ABOUT THIS TASK »
Go to the line that contains "Building Photo - 15 Glenbrook Ln" in the listing below, then output it and every line after it exactly, omitting pictures.

GIVEN INFORMATION »

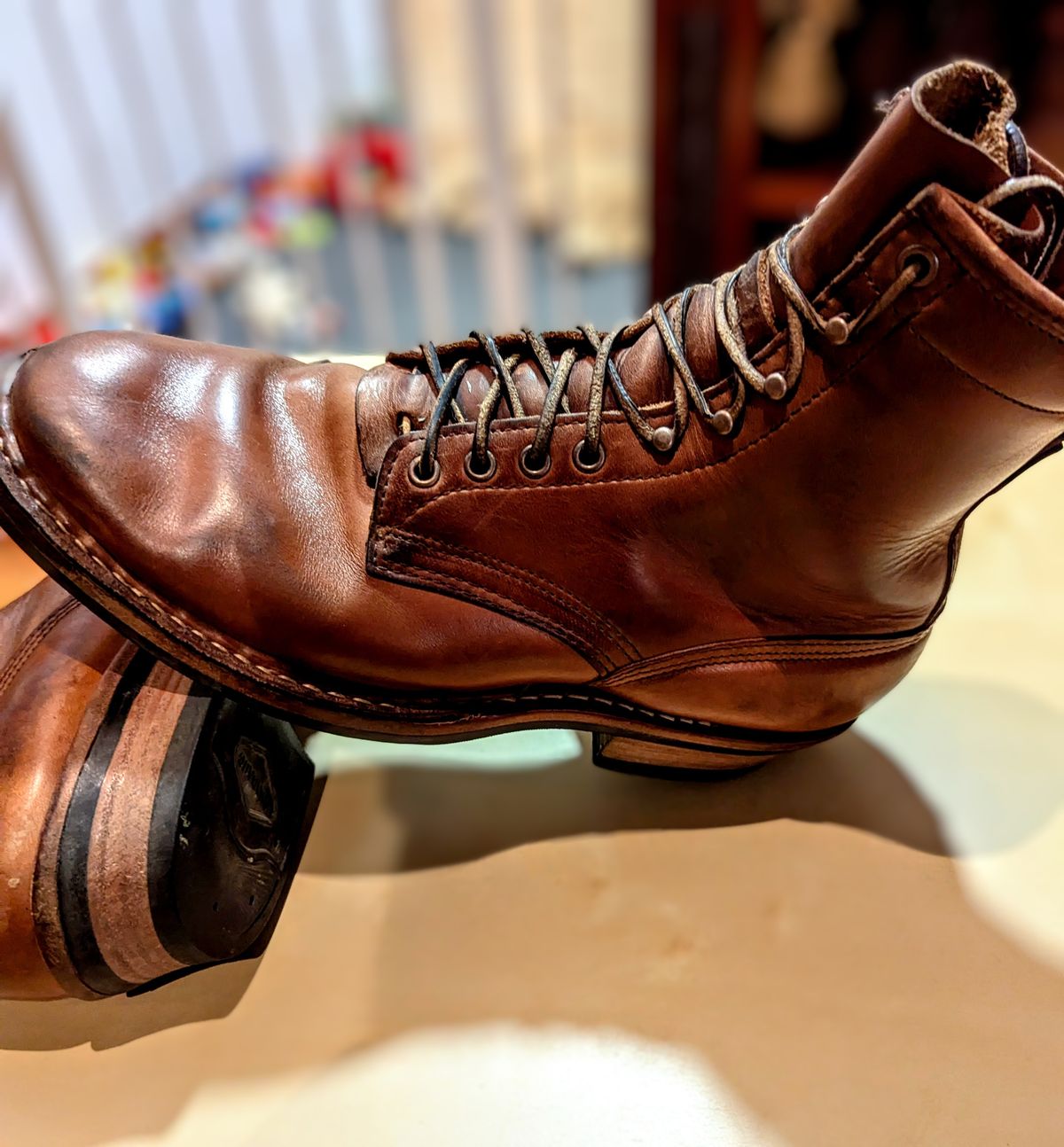 Photo by atmaster on November 18, 2024 of the White's Bounty Hunter in Horween Natural Chromexcel.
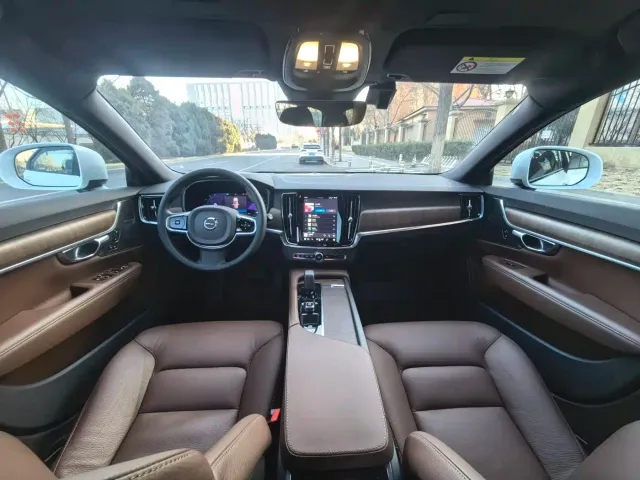 Volvo V90 — Фото автомобиля 16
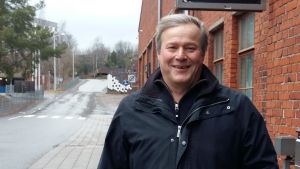 Olle Lerche arbetar som utvecklingschef vid Raisioagro. Olle Lerche arbetar med forskning och utveckling vid resoföretaget Raisioaqua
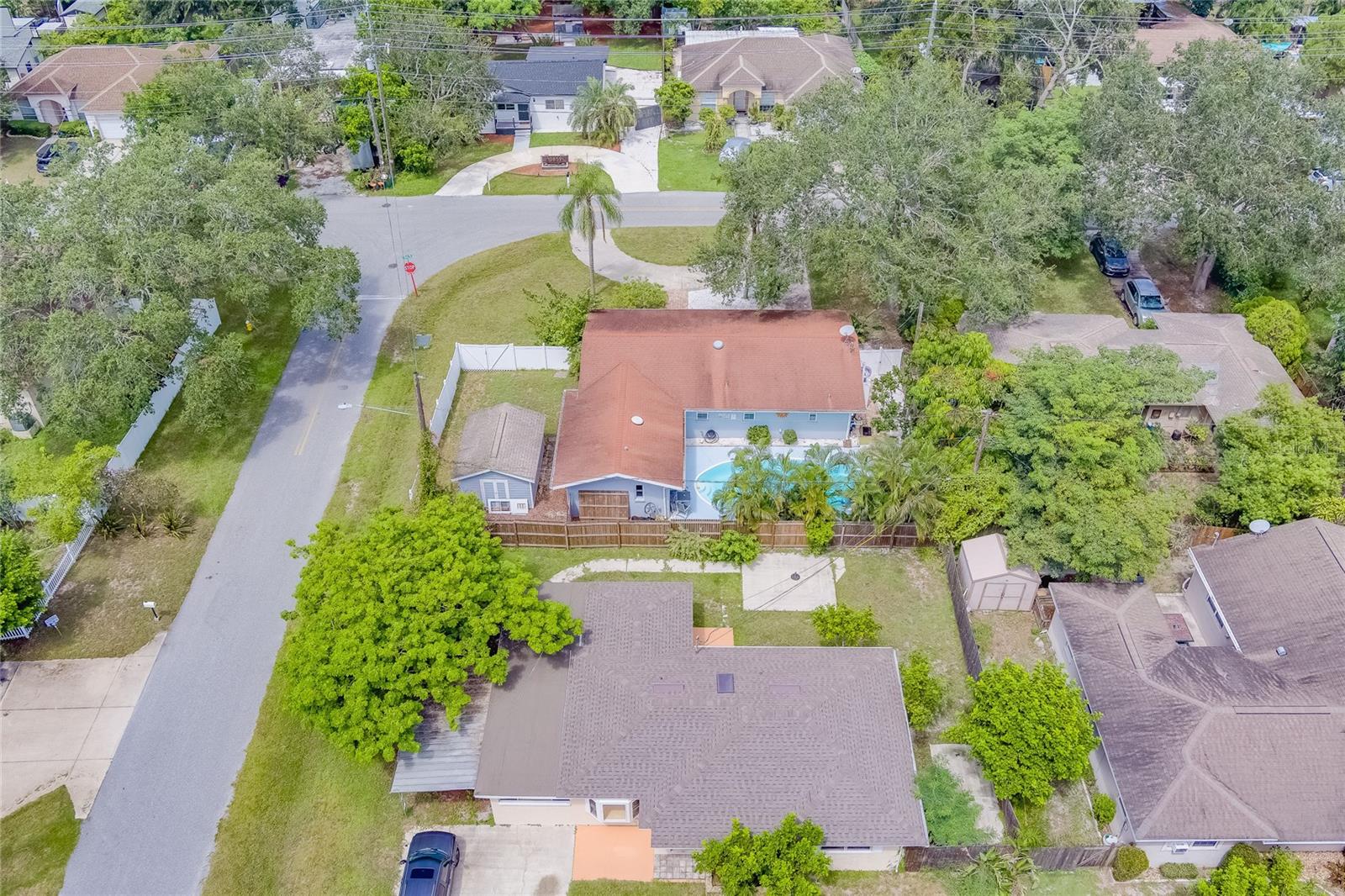 ROBERTSONS R E - Residential Lease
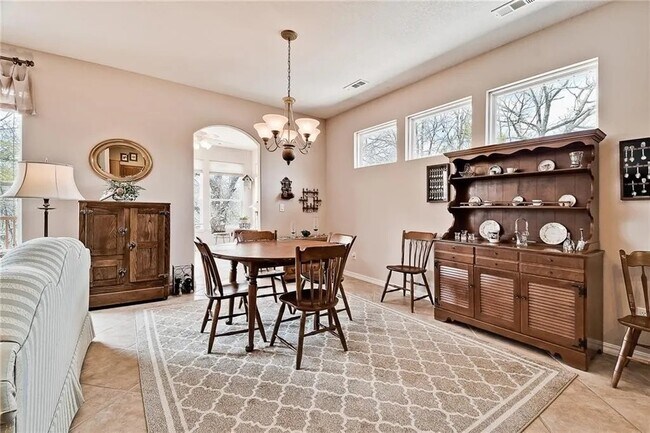 Building Photo - 15 Glenbrook Ln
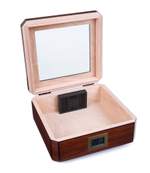 Хьюмидор Lubinski на 30 сигар со стеклом, Орех, Q245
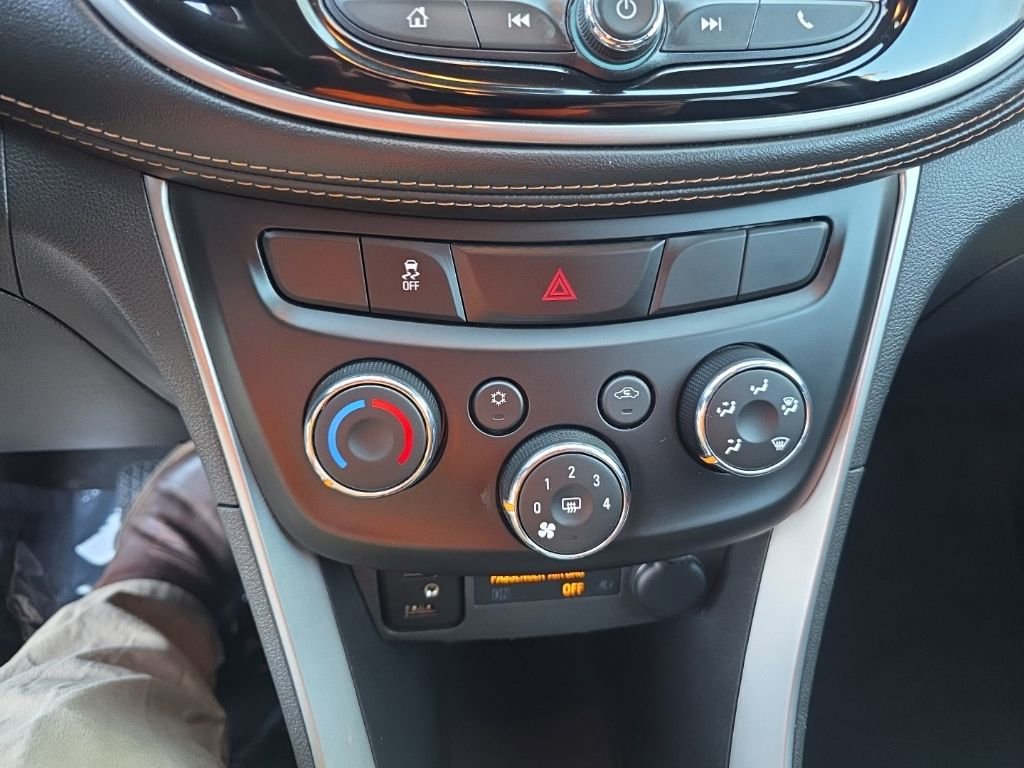 Used 2022 Chevrolet Trax LT image 18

EXERCISE SOLUTION »
 Building Photo - 15 Glenbrook Ln
 Хьюмидор Lubinski на 30 сигар со стеклом, Орех, Q245
 Used 2022 Chevrolet Trax LT image 18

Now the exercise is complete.